Linguistic analysis and visualization of texts of pupils to draw conclusions about higher-level characteristics
Institute(s): TU Darmstadt
External Partner: Differential Psychology & Psychological Diagnostics, Goethe University Frankfurt
Financed with funds from the project executing agency: Dec. 2014 – Nov. 2015 as pilot project
Prof. Dr. Iryna Gurevych, TU Darmstadt
Dr. Daniela Oelke, TU Darmstadt
Prof. Dr. Sonja Rohrmann, Goethe University Frankfurt
The pilot project develops an interactive, visual tool for the analysis of the relationship between linguistic properties of texts and superior features. The project is of great interest for various areas of educational research that have texts from individuals and want to make statements about the relationship between the texts and the characteristics. For example, two different populations (e.g. girls and boys, children with/without migration background), the texts of a test subject over time, or even a test subject can be compared with the average values for a certain population. Within the framework of the pilot project, an exemplary application case will be addressed in which the text analysis is linked to the personality traits of a test subject and which will later make it possible to generalise the methodology. Language can be used to express personality traits as well as cognitive, emotional and social processes. From a psychological point of view, it will be investigated in particular whether valid personality traits such as verbal and mathematical intelligence, socio-economic background and other personality traits (achievement motivation, competence and control conviction, emotional stability) can be deduced from students’ short stories. The project also provides new insights into how personality traits, socio-economic background and intelligence, among other things, are reflected in texts and to what extent these are used by third parties in order to identify characteristics of a person.

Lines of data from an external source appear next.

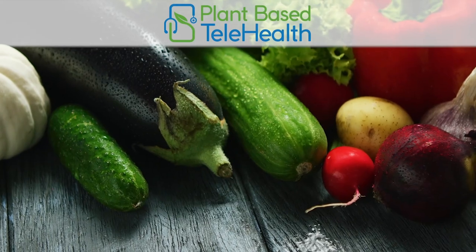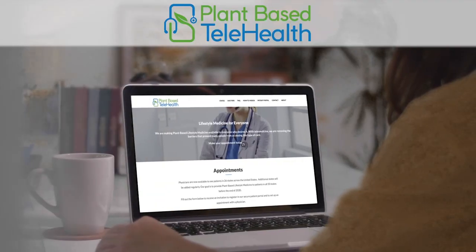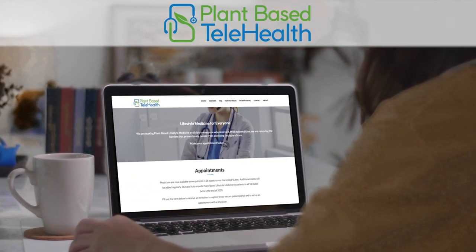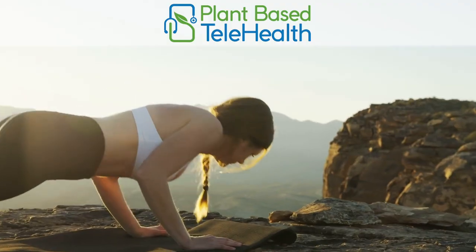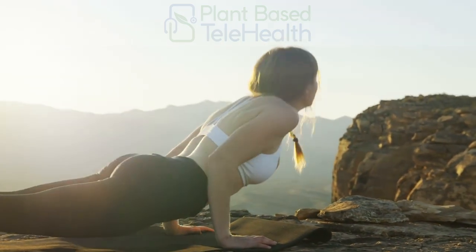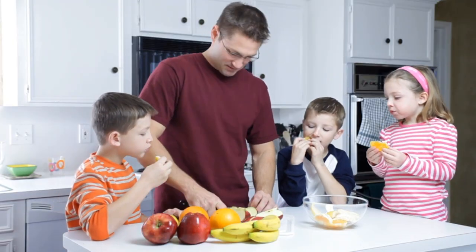We are making plant-based lifestyle medicine available to everyone who desires it. With telemedicine, we are removing barriers that prevent many people from accessing this type of care. Lifestyle medicine promotes healthy behaviors and when adopted, individuals can expect improvement and in many cases reversal of chronic disease.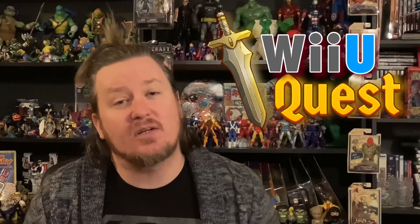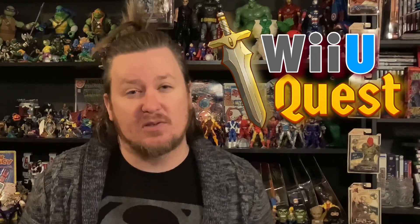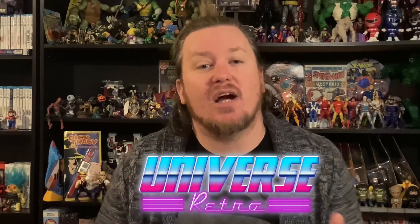Hey guys, welcome back to Universe Retro. This is our weekly update on the Wii U Quest — the quest to complete the entire North American Wii U physical library. As of last week we were at 86 of 163. We only had one title to talk about last week, which was Hello Kitty Cruisers, but this week we've got five titles, some pretty cool ones and one that's just a filler.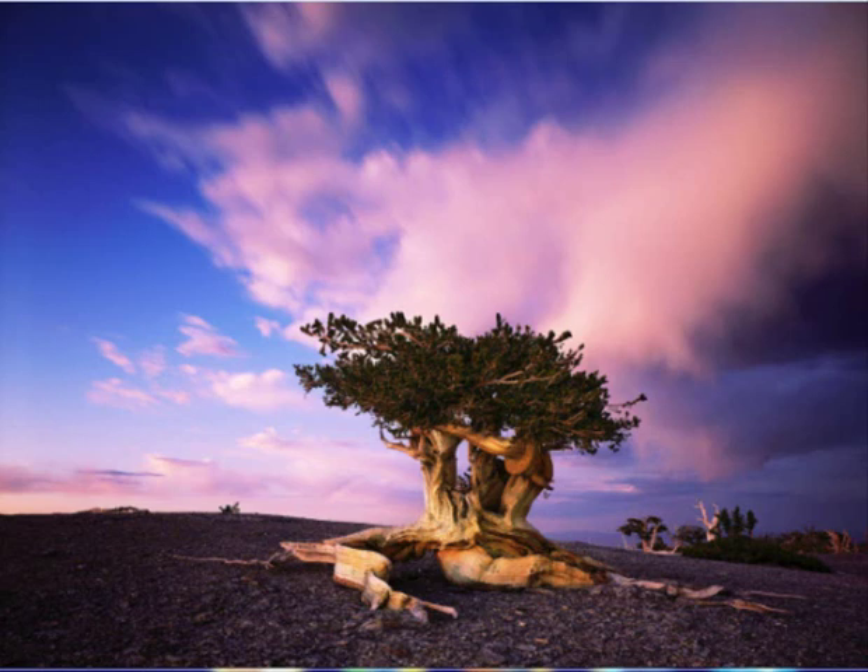That wraps up our conversation with David Munch today and 12 beautiful images from his new book on national parks. There is going to be a link here on the blog post for those who want to follow and check out the book. Once again David, I want to thank you for joining us — it's very enlightening and educational, and I look forward to the next time. Thank you, Charlie. Great.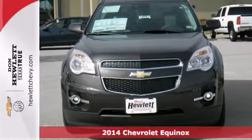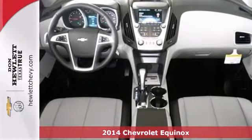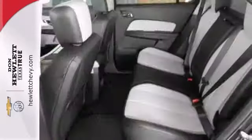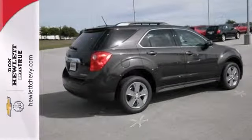This 2014 Chevrolet Equinox is a pure adventure machine. Throw all your toys in the back and hit the road. It has Bluetooth, steering wheel audio controls and heated seats. The chrome wheels and power sunroof make it a solid choice. This Equinox is ready for adventure and fun. Come check it out today.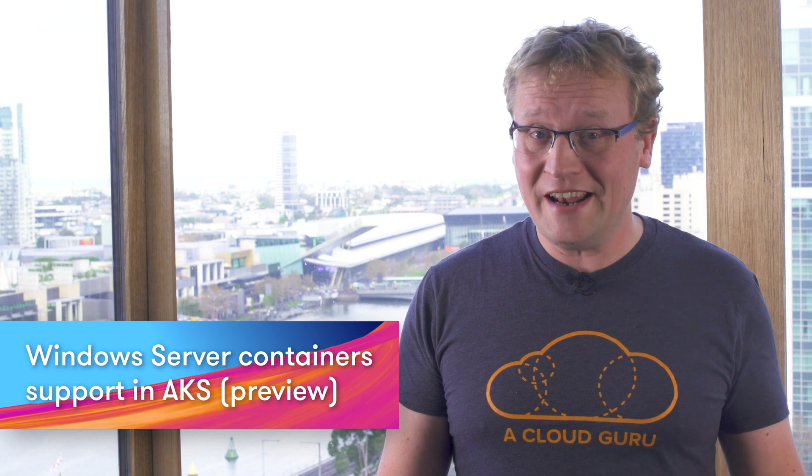This week, the first preview of Windows Server container support in AKS was announced. In practical terms, this means you can manage Windows and Linux containers side-by-side in the same Kubernetes cluster with the exact same APIs, tools, and support. You also get integration with the DevOps pipeline, so you can take advantage of a completely standardized pipeline. Check out the preview of Windows Server on Kubernetes today.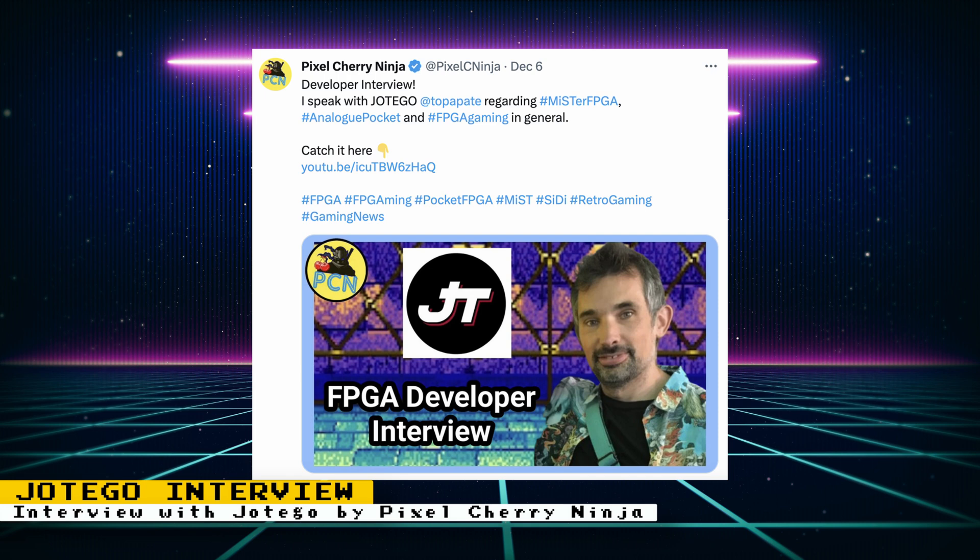PixelCherryNinja posted another interview, this time with core developer Jotego. A lot of topics are covered from the past, present, and future, so I recommend a listen.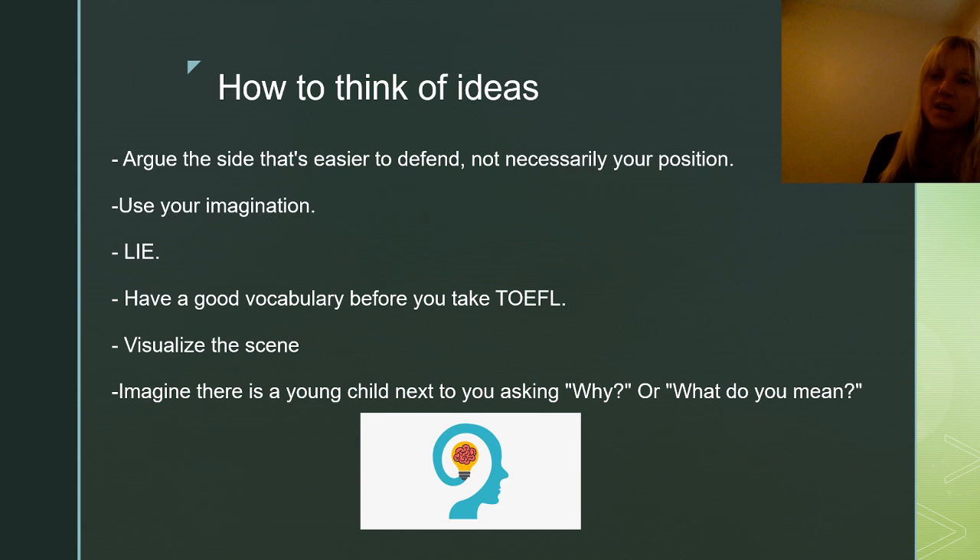The next point is vocabulary — I cannot stress this enough. Students tell me they can't think of anything to say, but they could do this in their home language. Usually, that means their vocabulary in English is not quite where it should be for taking a test like the TOEFL. So before you take the TOEFL, you should already have a good vocabulary.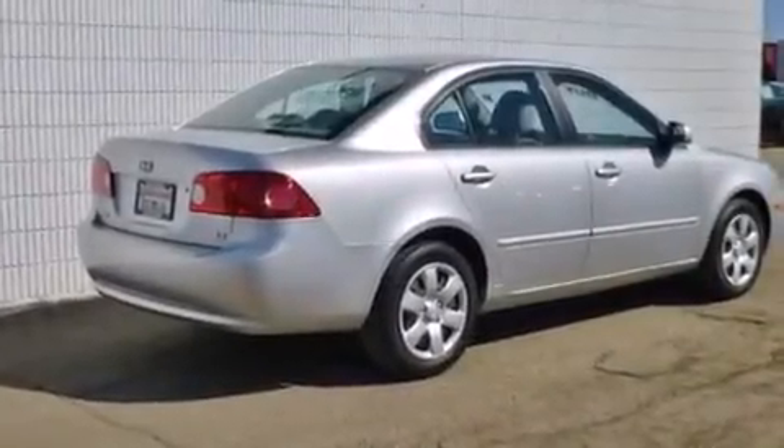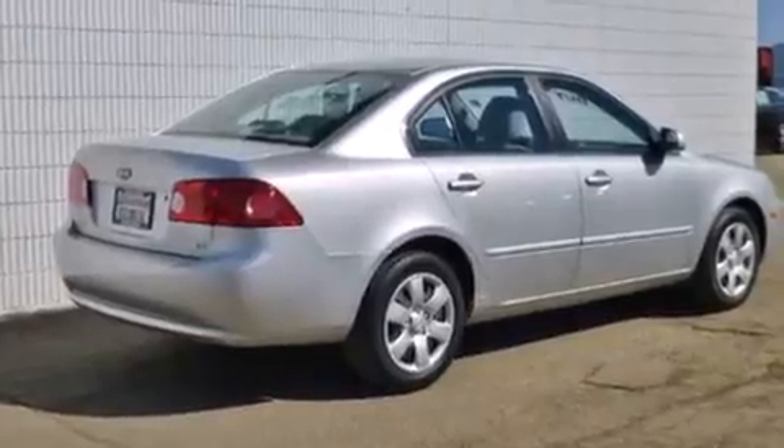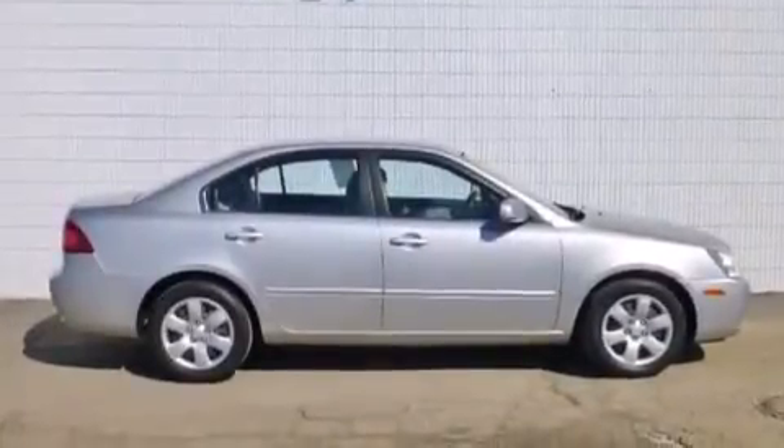With an EPA estimated rating of 34 miles per gallon on the highway, this vehicle is clearly a fuel-efficient choice.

Associated Software Products
Lerner, Patrick: Designing a User Interface for Data Analysis and Feature Engineering in Text Classification. Bachelor Thesis. Technical University of Darmstadt. 2015.
Sousa, Tahir; Flekova, Lucie; Mieskes, Margot and Gurevych, Iryna: Constructive Feedback, Thinking Process and Cooperation – Assessing the Quality of Classroom Interaction. In Proceedings of INTERSPEECH Conference, p. 2739-2743. 2015.
Stoffel, Florian; Flekova, Lucie; Oelke, Daniela; Gurevych, Iryna and Keim, Daniel: Feature-Based Visual Exploration of Text Classification. In IEEE (Ed.), Proceedings of the Symposium on Visualization in Data Science (VDS) at IEEE VIS. 2015.
Hoppe, David: Write Me a Story and I Tell You Who You Are. Master Thesis. Technical University of Darmstadt. 2014.
As part of the pilot project, the so-called MINERVA tool for the visual exploration of features for text classification was further developed. The content of this tool was examined by means of transcripts to determine the success of the interaction in classrooms. For this purpose, (para-)linguistic features were extracted from the transcripts in order to train models with which the quality of teaching can be determined automatically. The developed system works with comparable precision as the experts who transcribed and annotated the recordings of the classroom situations previously.